#### MATERIAL SHOWN
---

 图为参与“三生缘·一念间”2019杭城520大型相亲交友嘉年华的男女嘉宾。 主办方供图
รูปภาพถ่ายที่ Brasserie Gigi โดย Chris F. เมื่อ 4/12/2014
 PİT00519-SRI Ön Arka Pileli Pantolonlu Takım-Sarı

---

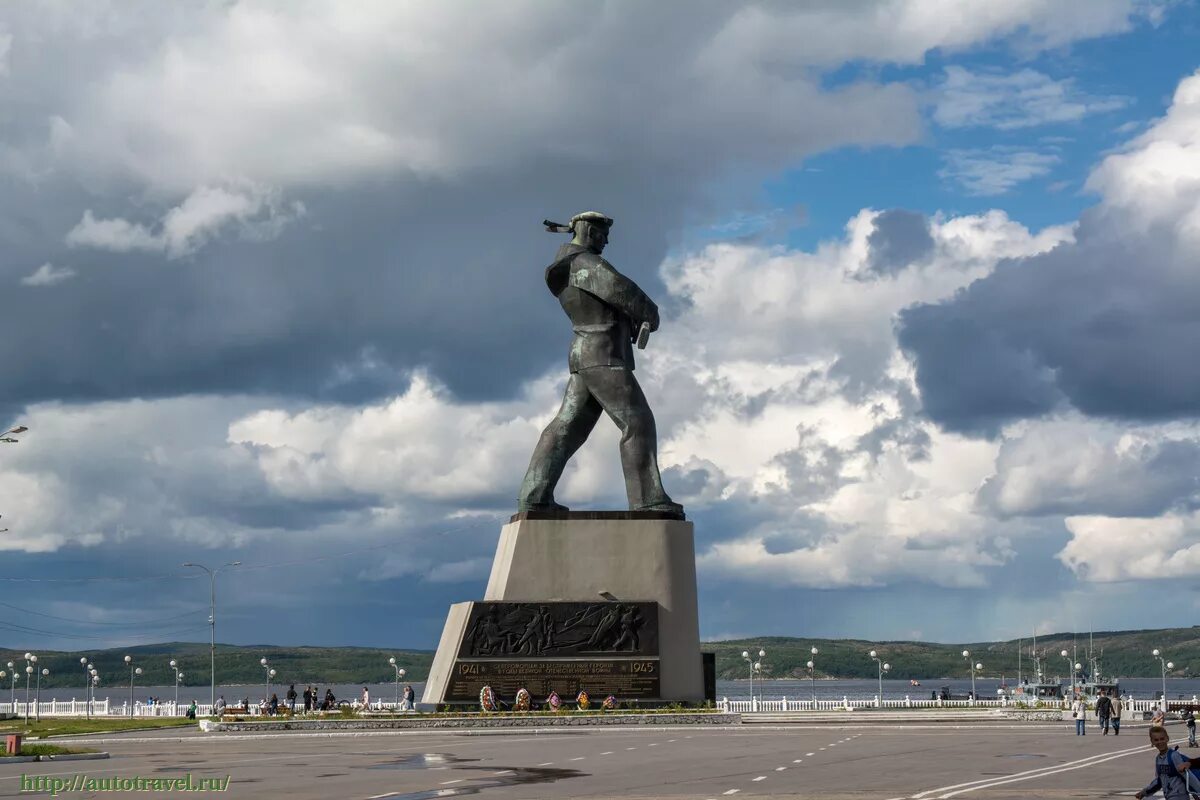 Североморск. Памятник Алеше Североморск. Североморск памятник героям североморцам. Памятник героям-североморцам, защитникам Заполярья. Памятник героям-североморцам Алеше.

---

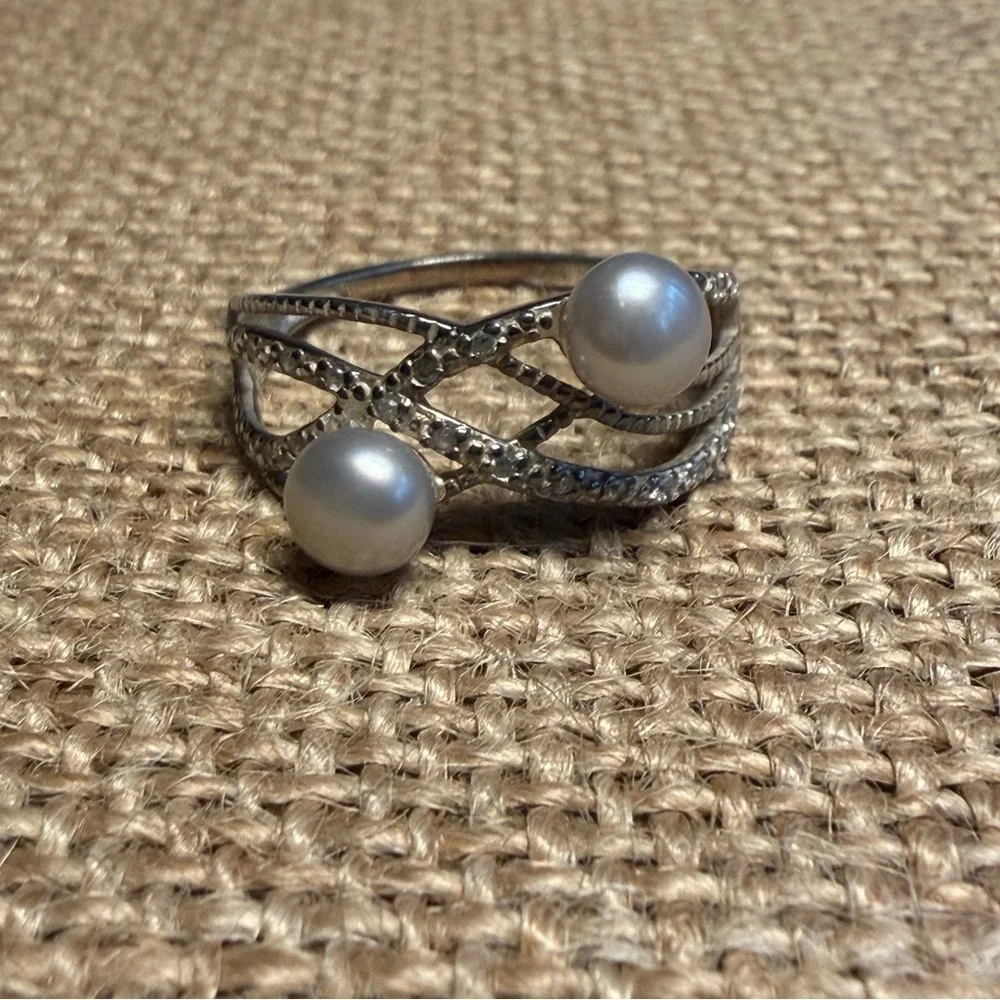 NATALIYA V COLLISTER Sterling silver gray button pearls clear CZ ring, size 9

---

#### WORK INSTRUCTION
Could you reproduce, exactly, every line above from the line with "รูปภาพถ่ายที่ Brasserie Gigi" to the line with "PİT00519-SRI Ön Arka", and no other line? Both ends count.

#### SOLUTION FOR THIS TASK
รูปภาพถ่ายที่ Brasserie Gigi โดย Chris F. เมื่อ 4/12/2014
 PİT00519-SRI Ön Arka Pileli Pantolonlu Takım-Sarı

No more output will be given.